START SUPPLIED RECORDS

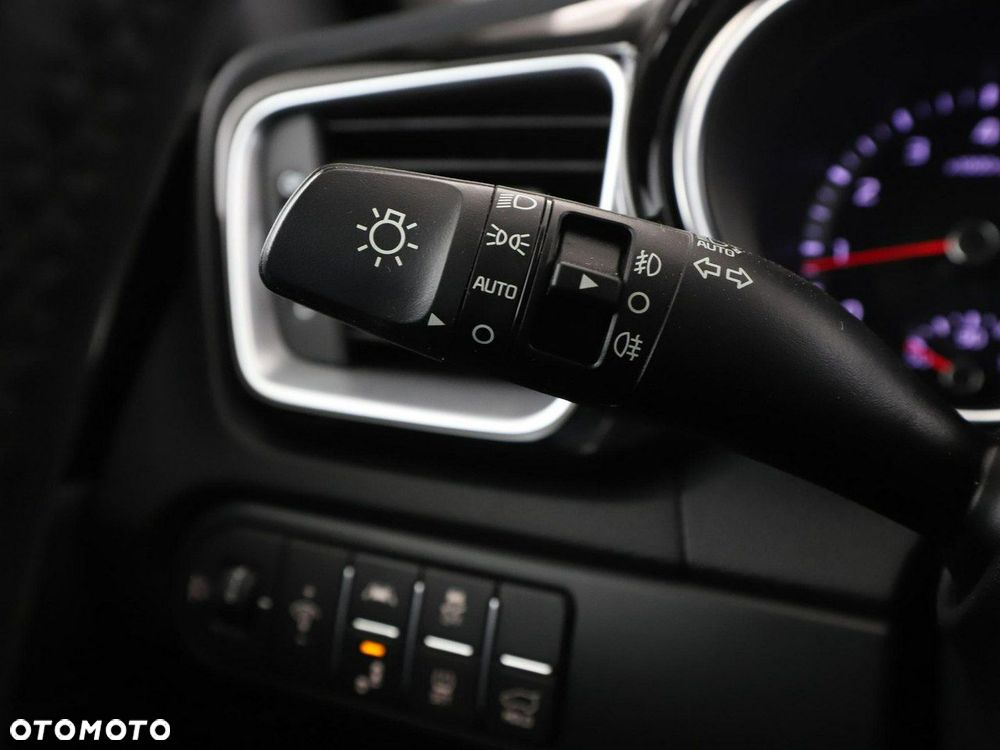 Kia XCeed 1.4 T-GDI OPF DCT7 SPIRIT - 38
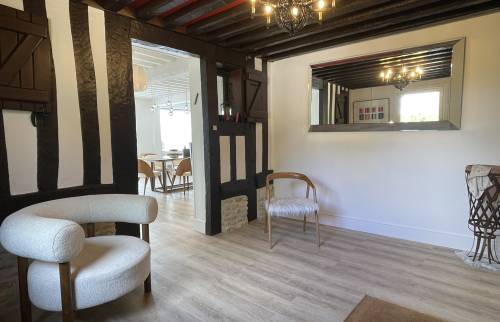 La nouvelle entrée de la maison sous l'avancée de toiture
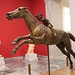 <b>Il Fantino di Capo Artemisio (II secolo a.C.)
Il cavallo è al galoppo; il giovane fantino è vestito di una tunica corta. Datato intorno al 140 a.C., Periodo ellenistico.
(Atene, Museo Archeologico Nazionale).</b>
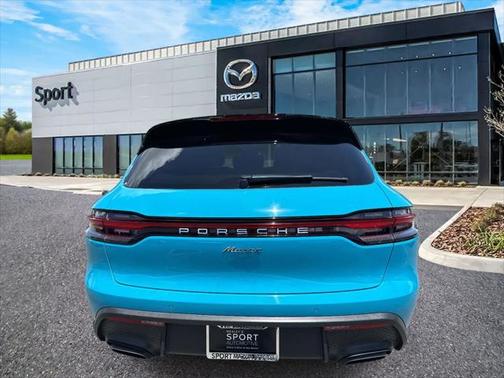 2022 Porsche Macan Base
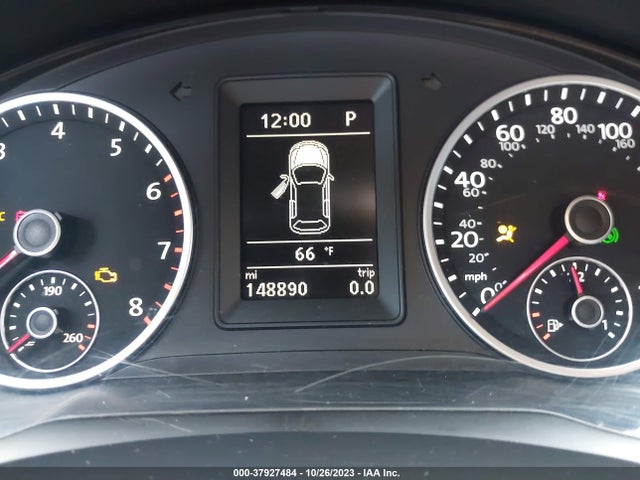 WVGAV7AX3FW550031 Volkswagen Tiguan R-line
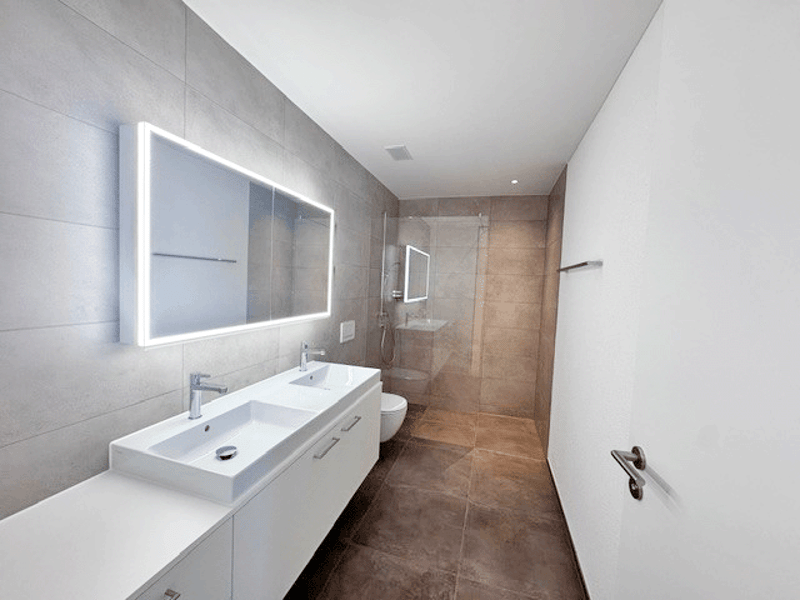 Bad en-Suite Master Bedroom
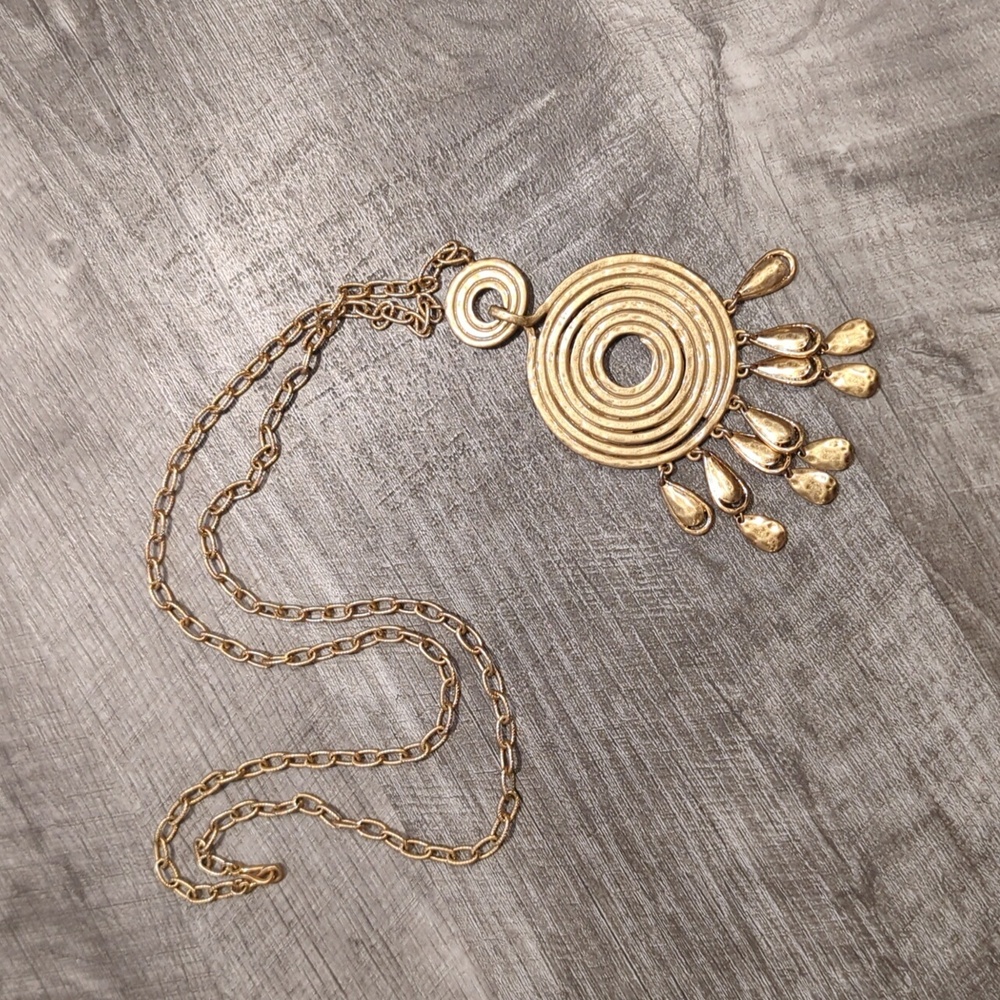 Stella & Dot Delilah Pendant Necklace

END SUPPLIED RECORDS

--- ASSIGNMENT ---
Reproduce all entries exactly. Pictures do not belong in the copy.

--- ANSWER ---
 Kia XCeed 1.4 T-GDI OPF DCT7 SPIRIT - 38
 La nouvelle entrée de la maison sous l'avancée de toiture
 <b>Il Fantino di Capo Artemisio (II secolo a.C.)
Il cavallo è al galoppo; il giovane fantino è vestito di una tunica corta. Datato intorno al 140 a.C., Periodo ellenistico.
(Atene, Museo Archeologico Nazionale).</b>
 2022 Porsche Macan Base
 WVGAV7AX3FW550031 Volkswagen Tiguan R-line
 Bad en-Suite Master Bedroom
 Stella & Dot Delilah Pendant Necklace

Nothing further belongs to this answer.